Just dial 1-800-528-5888. Ask for the language you want, and a live translator comes on the line to serve you in any one of seventy seven languages. You can conference call, use two phones on the same line, or you can simply pass the phone back and forth to the person with whom you wish to converse.

It's simple! It's Available 24 hours a day, seven days a week.

And It's *@^&% expensive! If you use The Language Line as an unsubscribed individual it costs between $4.15 a minute (for Spanish translations) and $7.25 a minute (for less common languages such as Urdu, a principle language of Pakistan). Unfortunately, this is clearly not a service you can use on a daily basis to chat with your neighbor.

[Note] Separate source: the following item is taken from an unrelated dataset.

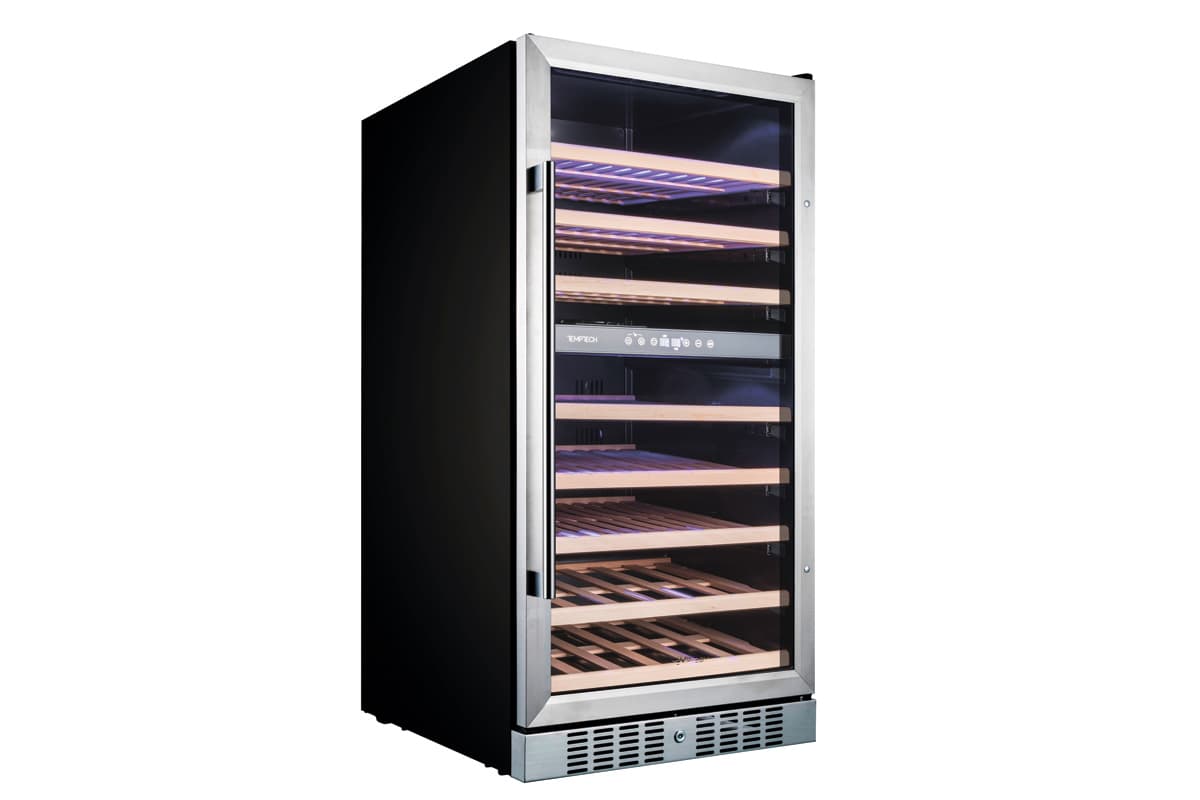 Шкаф винный Temptech WP120DCS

But for community emergency services there is a subscription rate that brings the service within a feasible range. Using The Language Line translation at the subscription rate costs $2.20 a minute.

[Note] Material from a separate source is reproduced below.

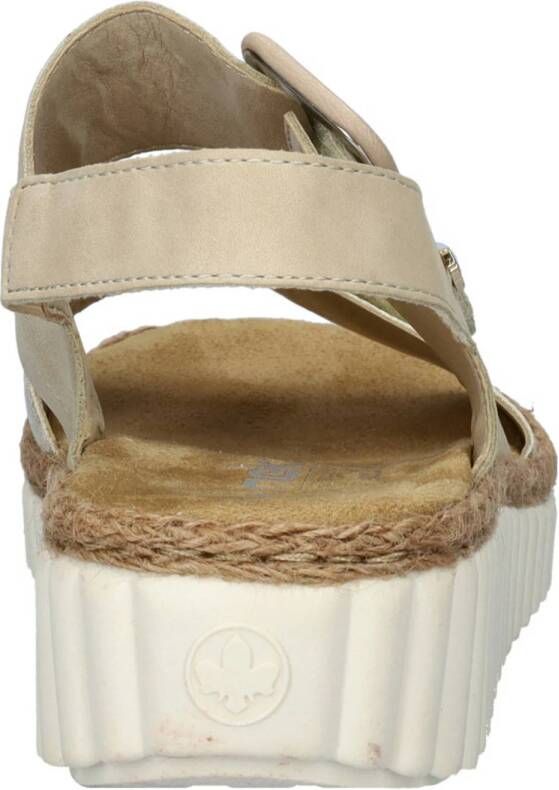 Rieker sandalen beige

The major police departments of Sonoma County subscribe to The Language Line. But do they use it?

At many crime scenes, there are usually friends, family members, or neighbors nearby who can help translate to police for monolingual crime victims. Often a youngster steps in and does a fine job of translating, just as they are accustomed to translating to landlords, merchants, and many other daily communication needs of monolingual parents and neighbors. For better or worse, police have relied heavily on this language survival for as long as America has had immigrants.

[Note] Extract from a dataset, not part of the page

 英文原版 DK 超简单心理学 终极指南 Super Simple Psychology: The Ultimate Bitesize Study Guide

With rape and domestic violence, however, another whole set of considerations comes into play that makes this traditional reliance on translations by people at the scene highly detrimental to the woman and her case.

Domestic violence and rape victims are typically extremely protective about keeping the raw details of these crimes from their children. And for many good reasons, they are also very reluctant to reveal details to neighbors. And it's accurate, complete details from the victim that are exactly what police need to make these cases stick.

Quoted statements made by these victims at the scene, much more so than in other crimes, are always key evidence at prosecution time.

In addition, statements made at the scene carry heightened credibility compared to statements made further down the line. Further, any attempts to make later corrections are often used by the defense to undermine the victim's credibility. Yet despite the heightened importance of obtaining precise victim statements at the scene, few police make the call to The Language Line. As a result, domestic violence and rape victim statements from non-English speaking victims at the scene are often inaccurate and almost always harmfully understated.

Police should be encouraged to use the The Language Line for all rape and domestic violence victim statements when the officer doesn't speak the victim's language.

What about the $45 to $70 cost for a 20 to 30 minute call to get an accurate, unguarded statement from a victim?

If you think about it, this cost is minimal compared to the cost of returning over and over again to the same unresolved crime scene. It's minimal compared to the cost of an unchecked rapist escalating his crimes from one women to the next. And minimal compared to the lifetime of costs of children who are exposed to violence in the home.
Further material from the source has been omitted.